DATASET EXCERPTS |
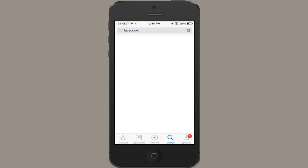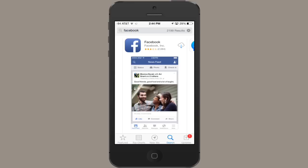Again, it's the top suggestion and the top hit. Tap the icon for downloading, just like you'd install any other app.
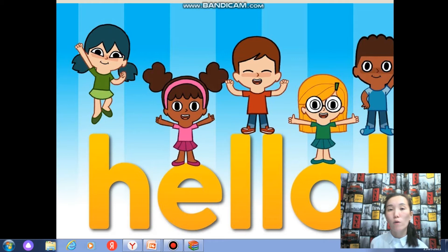Hello, students! Welcome to our English lesson. I am glad to see you and hope you are ready to study. Don't forget to take your notebook and a pen to make notes. Let's start our lesson.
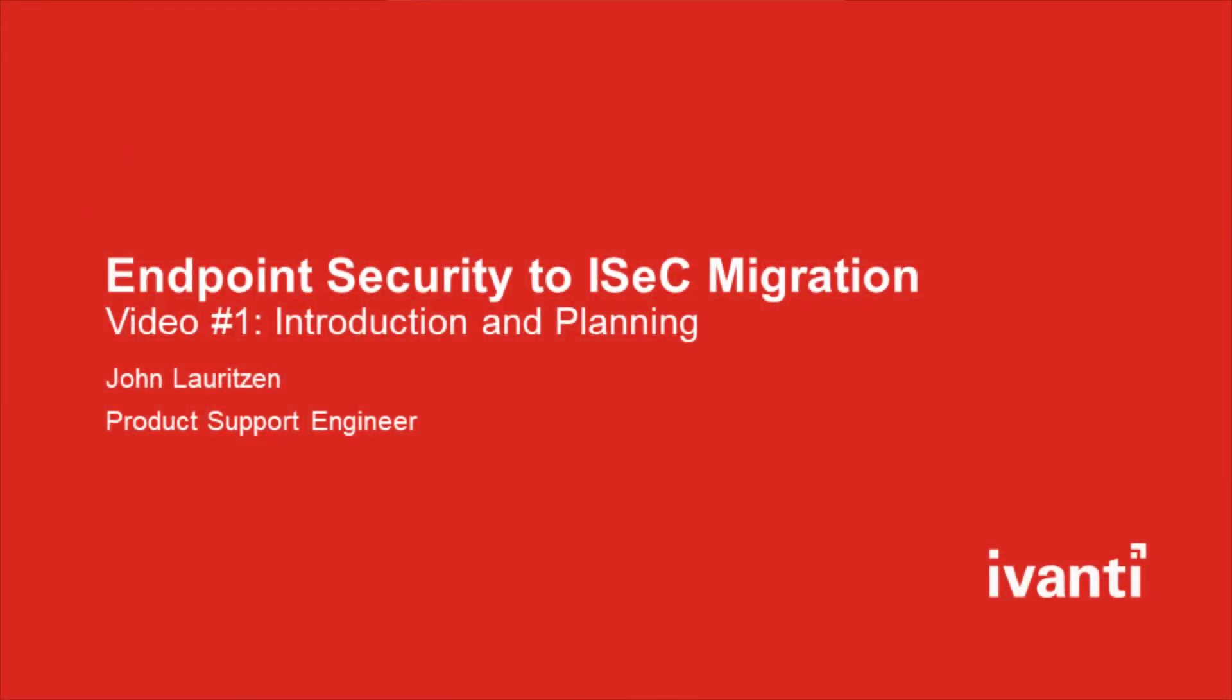Hello, my name is John Lauriton and I'm a product support engineer here at Avanti for the Avanti Endpoint Security, formerly HEAT EMSS system.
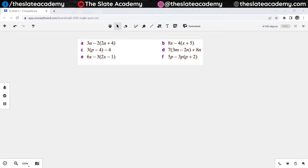For these questions, the concept is that first we will have to solve the bracket portion and then the rest of the question. So if I expand the brackets first, I will have 3a minus 4a minus 8, since 2 is multiplying with 2a as well as 4. So first I solve the brackets — it becomes 3a minus 4a minus 8. Then 3a minus 4a becomes minus a, and minus 8 stays as it is. So that's the answer.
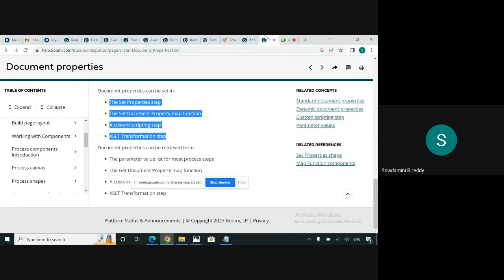Hi all. In this video, we will see how to set document properties in Boomi process. These are all the places where we can set the document properties: the set property step, set document property map function, custom scripting step, and XSLT transformation step.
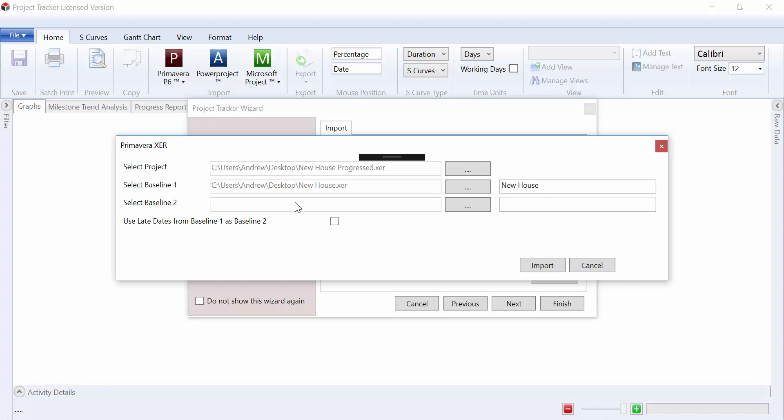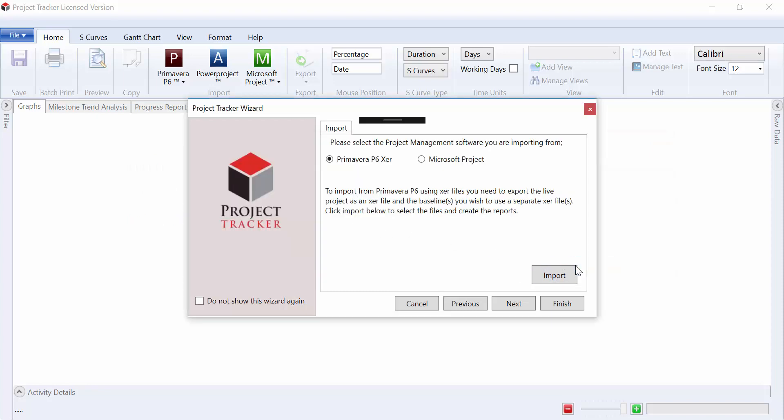Alternatively, we could select this option here which will create a second baseline using the late dates from baseline 1, so we're able to see the difference between planned progress and the earliest baseline and the late baseline dates, and then we would click on Import.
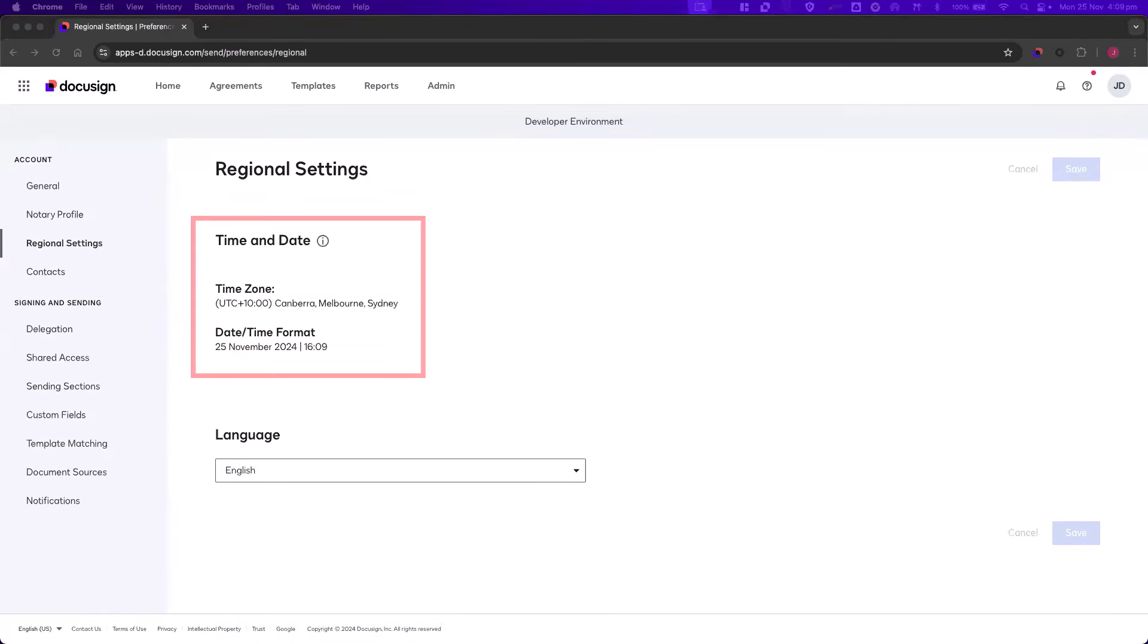If you are unable to change your time and date settings, this means your administrator has prevented users on the account from changing their time zone and date format.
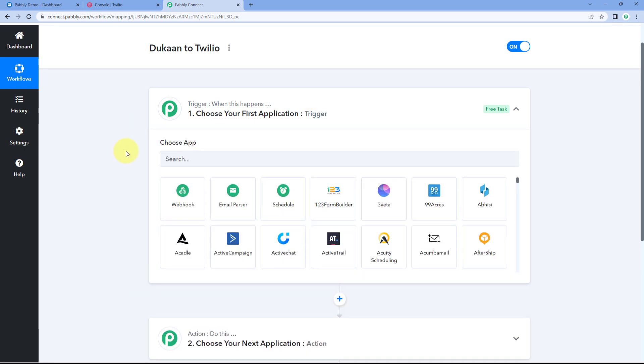Let's begin with our trigger window. The idea here is to get the details or data of all orders whose status are updated in our Dukan account inside Pabbly Connect. We want all the orders whose status gets changed to send their data with the updated status inside Pabbly Connect, and after that, using Pabbly Connect, we are going to send those update details as an SMS to the same customer who placed the order.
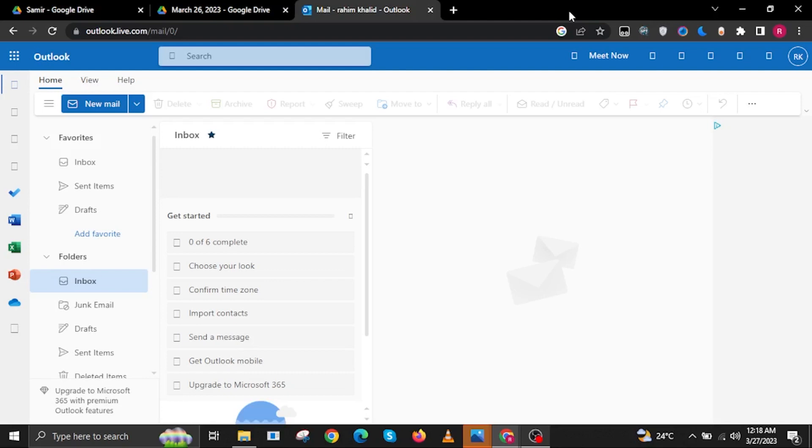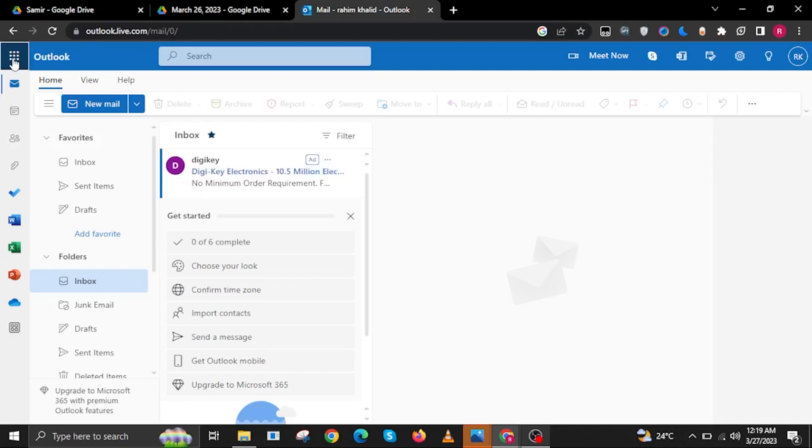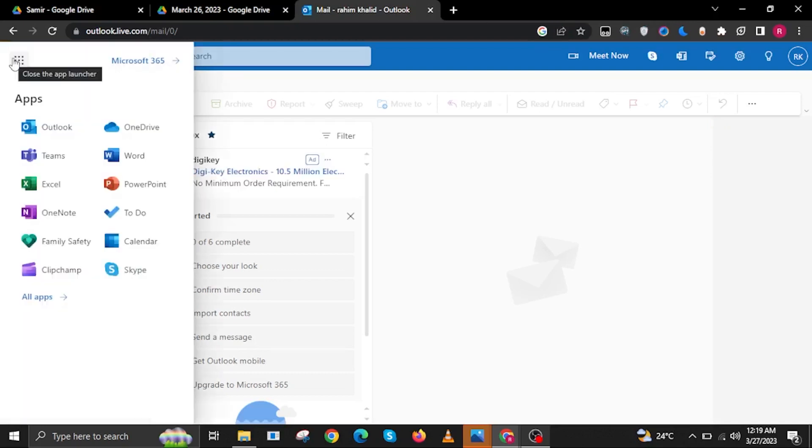To start, open your internet browser and head on over to Outlook.com or Outlook.live.com. Once you are here, click on the three dots or the many dots on the upper left and then click on Calendar.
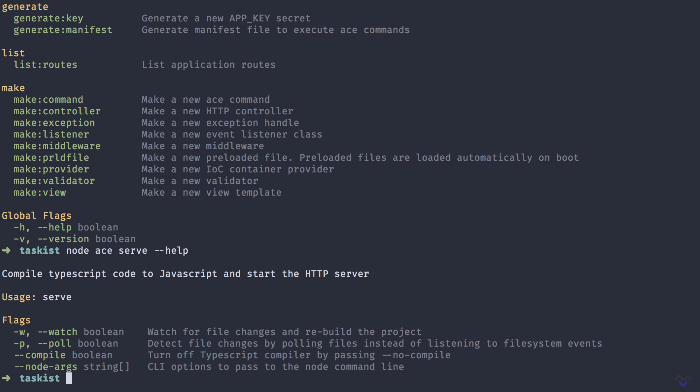As you can see, we are presented with additional info on the save command. The save command accepts additional flags such as watch, which will watch for file changes and rebuild the project, amongst others.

DESCRIPTION OF THE TASK |
Repeat the records above exactly, from the first line through the line that contains "Hello, students! Welcome", and leave out the pictures.

RESULT OF THIS TASK |
Again, it's the top suggestion and the top hit. Tap the icon for downloading, just like you'd install any other app.
Hello, students! Welcome to our English lesson. I am glad to see you and hope you are ready to study. Don't forget to take your notebook and a pen to make notes. Let's start our lesson.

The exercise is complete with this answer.